→ **Records to process**
↓

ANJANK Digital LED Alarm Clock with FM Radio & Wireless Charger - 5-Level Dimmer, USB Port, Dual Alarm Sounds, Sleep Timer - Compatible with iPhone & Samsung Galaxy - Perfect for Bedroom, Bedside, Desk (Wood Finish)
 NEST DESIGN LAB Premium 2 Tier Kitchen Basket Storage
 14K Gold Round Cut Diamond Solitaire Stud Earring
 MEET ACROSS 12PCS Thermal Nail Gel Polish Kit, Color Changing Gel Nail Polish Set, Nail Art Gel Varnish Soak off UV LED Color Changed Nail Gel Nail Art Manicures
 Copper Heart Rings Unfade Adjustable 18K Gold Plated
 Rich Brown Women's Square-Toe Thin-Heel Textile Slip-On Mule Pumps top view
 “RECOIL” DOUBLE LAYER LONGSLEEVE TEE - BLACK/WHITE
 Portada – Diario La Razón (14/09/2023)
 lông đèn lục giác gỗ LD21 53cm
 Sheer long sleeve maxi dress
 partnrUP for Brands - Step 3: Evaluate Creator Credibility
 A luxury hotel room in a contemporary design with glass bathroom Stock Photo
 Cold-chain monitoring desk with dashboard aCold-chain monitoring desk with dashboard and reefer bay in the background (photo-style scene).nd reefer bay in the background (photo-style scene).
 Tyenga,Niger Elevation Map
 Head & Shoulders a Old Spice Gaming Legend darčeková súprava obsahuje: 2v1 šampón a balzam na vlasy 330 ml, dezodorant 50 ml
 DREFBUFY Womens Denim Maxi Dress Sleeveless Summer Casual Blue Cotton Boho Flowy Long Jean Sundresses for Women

↑

→ **Task prompt**
The expected output is the lines from the one holding "MEET ACROSS 12PCS" through the last line of the data, exactly as they appear, with nothing before or after.

→ **Response**
 MEET ACROSS 12PCS Thermal Nail Gel Polish Kit, Color Changing Gel Nail Polish Set, Nail Art Gel Varnish Soak off UV LED Color Changed Nail Gel Nail Art Manicures
 Copper Heart Rings Unfade Adjustable 18K Gold Plated
 Rich Brown Women's Square-Toe Thin-Heel Textile Slip-On Mule Pumps top view
 “RECOIL” DOUBLE LAYER LONGSLEEVE TEE - BLACK/WHITE
 Portada – Diario La Razón (14/09/2023)
 lông đèn lục giác gỗ LD21 53cm
 Sheer long sleeve maxi dress
 partnrUP for Brands - Step 3: Evaluate Creator Credibility
 A luxury hotel room in a contemporary design with glass bathroom Stock Photo
 Cold-chain monitoring desk with dashboard aCold-chain monitoring desk with dashboard and reefer bay in the background (photo-style scene).nd reefer bay in the background (photo-style scene).
 Tyenga,Niger Elevation Map
 Head & Shoulders a Old Spice Gaming Legend darčeková súprava obsahuje: 2v1 šampón a balzam na vlasy 330 ml, dezodorant 50 ml
 DREFBUFY Womens Denim Maxi Dress Sleeveless Summer Casual Blue Cotton Boho Flowy Long Jean Sundresses for Women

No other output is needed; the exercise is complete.